Petition for the Appointment of a Liquidator

A creditor, who is owed more than £750 (England) or £1,500 (Scotland), once they have established apparent insolvency, can petition the court for the appointment of a Liquidator. This is also called a ‘winding up’ petition. If successful, the company will stop doing business and employing people. When you liquidate a company, its assets are used to pay off its debts, but in terms of a prescribed ranking. As most creditors are unsecured, they are last to be paid and quite often receive little or no dividend.

The liquidator acts in the interest of the creditors not the directors.

Obtaining apparent insolvency in England is done by providing evidence to the court that you’re owed this money by the company and the sums due can not be paid

Evidence can be either:

  • a certificate of personal service or substituted service to confirm that you gave a statutory demand (a request for payment) to the company.
  • a bailiff’s statement showing that the bailiff couldn’t recover enough assets to pay the debt (in cases where you got a court judgment.

In Scotland apparent insolvency is obtained on expiry of;

  • A Charge of Payment of Money
  • Shortened Demand
  • Statutory Demand

In England the Petition is lodged together with court fees and a petition deposit.

In Scotland the winding-up petition goes to:

  • the relevant Sheriff Court (provided the company's share capital does not exceed £120,000 and the company's registered office has been in the Sheriff Court's jurisdiction for the majority of the previous 12 months).
  • the Court of Session (provided the company's share capital exceeds £120,000).

In all cases the petition must be served on the company at their registered office and advertised in the Gazette and newspapers, as directed by the court. The debtor company may lodge answers and try to defend the petition, including claiming the sums are not due.

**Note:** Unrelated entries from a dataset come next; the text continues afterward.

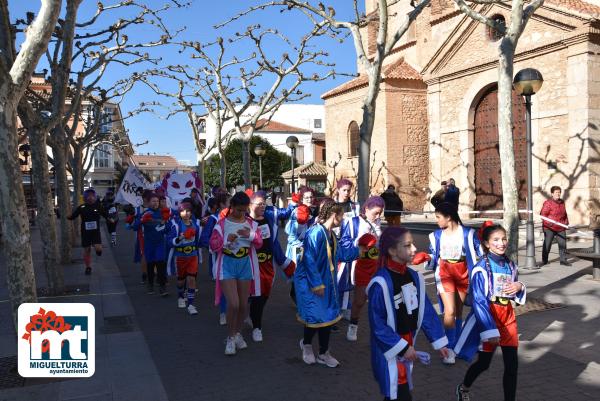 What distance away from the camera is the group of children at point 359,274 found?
3453 mm

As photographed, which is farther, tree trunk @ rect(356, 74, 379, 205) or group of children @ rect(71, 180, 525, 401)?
tree trunk @ rect(356, 74, 379, 205)

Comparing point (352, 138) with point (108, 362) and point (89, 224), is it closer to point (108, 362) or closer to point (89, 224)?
point (89, 224)

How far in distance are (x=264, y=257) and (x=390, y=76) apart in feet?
68.1

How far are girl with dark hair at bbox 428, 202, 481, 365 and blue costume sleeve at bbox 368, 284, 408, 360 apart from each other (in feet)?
6.73

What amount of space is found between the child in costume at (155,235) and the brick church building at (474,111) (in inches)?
Result: 290

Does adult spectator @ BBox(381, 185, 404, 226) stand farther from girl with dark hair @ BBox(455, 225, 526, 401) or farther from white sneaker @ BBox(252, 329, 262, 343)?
girl with dark hair @ BBox(455, 225, 526, 401)

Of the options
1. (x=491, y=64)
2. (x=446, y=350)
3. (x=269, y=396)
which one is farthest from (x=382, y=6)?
(x=491, y=64)

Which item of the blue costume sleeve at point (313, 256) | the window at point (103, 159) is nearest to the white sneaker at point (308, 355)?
the blue costume sleeve at point (313, 256)

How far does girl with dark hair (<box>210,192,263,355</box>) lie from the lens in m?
5.48

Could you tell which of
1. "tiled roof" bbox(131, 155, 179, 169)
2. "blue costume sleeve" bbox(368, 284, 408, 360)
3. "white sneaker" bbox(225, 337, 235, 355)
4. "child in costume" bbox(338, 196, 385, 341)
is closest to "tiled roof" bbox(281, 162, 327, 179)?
"child in costume" bbox(338, 196, 385, 341)

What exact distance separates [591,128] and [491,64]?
4.92m

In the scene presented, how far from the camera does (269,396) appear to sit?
14.3ft

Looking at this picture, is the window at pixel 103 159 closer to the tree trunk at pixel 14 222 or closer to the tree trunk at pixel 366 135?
the tree trunk at pixel 366 135

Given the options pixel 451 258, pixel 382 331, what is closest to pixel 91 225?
pixel 451 258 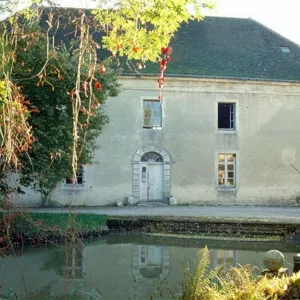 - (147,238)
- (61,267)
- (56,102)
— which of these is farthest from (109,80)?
(61,267)

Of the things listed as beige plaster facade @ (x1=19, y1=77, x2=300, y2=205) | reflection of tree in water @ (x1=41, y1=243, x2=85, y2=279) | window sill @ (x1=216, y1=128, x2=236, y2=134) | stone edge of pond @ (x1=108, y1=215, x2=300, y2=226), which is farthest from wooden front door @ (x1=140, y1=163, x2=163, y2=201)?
reflection of tree in water @ (x1=41, y1=243, x2=85, y2=279)

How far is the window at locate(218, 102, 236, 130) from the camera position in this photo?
2225 cm

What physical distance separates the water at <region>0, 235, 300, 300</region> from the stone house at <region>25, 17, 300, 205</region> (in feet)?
21.7

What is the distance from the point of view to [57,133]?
1349cm

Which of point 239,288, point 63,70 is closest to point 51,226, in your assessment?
point 63,70

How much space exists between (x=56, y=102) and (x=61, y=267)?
4451 mm

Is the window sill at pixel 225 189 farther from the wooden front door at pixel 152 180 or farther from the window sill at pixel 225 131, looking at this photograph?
A: the wooden front door at pixel 152 180

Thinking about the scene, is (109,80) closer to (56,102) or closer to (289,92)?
(56,102)

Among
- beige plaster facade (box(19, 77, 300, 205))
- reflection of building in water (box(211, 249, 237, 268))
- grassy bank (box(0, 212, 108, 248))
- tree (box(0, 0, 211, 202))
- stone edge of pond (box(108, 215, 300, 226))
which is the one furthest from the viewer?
beige plaster facade (box(19, 77, 300, 205))

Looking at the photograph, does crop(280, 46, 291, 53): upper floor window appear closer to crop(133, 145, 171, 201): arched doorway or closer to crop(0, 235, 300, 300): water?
crop(133, 145, 171, 201): arched doorway

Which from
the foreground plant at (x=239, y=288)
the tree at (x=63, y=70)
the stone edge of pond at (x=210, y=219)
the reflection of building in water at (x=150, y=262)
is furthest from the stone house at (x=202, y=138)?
the foreground plant at (x=239, y=288)

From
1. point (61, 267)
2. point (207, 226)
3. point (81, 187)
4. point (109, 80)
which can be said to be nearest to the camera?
point (61, 267)

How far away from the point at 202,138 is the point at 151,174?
2.53 meters

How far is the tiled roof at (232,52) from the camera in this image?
71.9ft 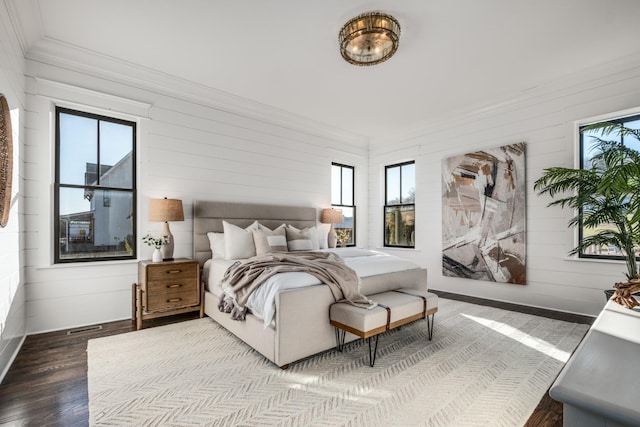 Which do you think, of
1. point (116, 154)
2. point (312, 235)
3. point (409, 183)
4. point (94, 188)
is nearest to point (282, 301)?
point (312, 235)

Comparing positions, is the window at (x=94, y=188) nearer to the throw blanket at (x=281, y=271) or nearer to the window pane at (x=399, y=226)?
the throw blanket at (x=281, y=271)

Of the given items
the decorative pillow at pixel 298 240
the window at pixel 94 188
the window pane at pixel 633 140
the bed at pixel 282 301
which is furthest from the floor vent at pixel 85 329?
the window pane at pixel 633 140

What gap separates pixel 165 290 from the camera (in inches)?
133

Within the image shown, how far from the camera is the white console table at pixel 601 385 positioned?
689mm

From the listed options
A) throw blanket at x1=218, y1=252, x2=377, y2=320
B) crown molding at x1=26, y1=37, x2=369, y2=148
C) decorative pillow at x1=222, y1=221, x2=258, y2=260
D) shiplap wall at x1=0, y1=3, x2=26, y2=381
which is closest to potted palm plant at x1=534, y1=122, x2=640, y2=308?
throw blanket at x1=218, y1=252, x2=377, y2=320

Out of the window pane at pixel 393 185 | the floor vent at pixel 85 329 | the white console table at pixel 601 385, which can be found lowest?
the floor vent at pixel 85 329

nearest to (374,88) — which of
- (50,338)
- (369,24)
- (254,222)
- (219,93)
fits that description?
(369,24)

Creditor may seek the appointment of an interim liquidator, or a provisional liquidator but may have to show there is a risk of flight, unfair preference or disposal of assets. Such appointments are not guaranteed.

As soon as the liquidator is appointed, they’ll take control of the business. They will:

  • settle any legal disputes or outstanding contracts.
  • sell off the company’s assets and use any money to pay creditors.
  • recovery monies due to the company.
  • meet deadlines for paperwork and keep authorities informed.
  • pay liquidation costs and the final VAT bill.
  • bring together people owed money (creditors) and hold meetings where necessary.
  • decide which creditors should be paid first in terms of rankings.
  • interview the directors and report on what went wrong in the business.
  • get the company removed from the companies register.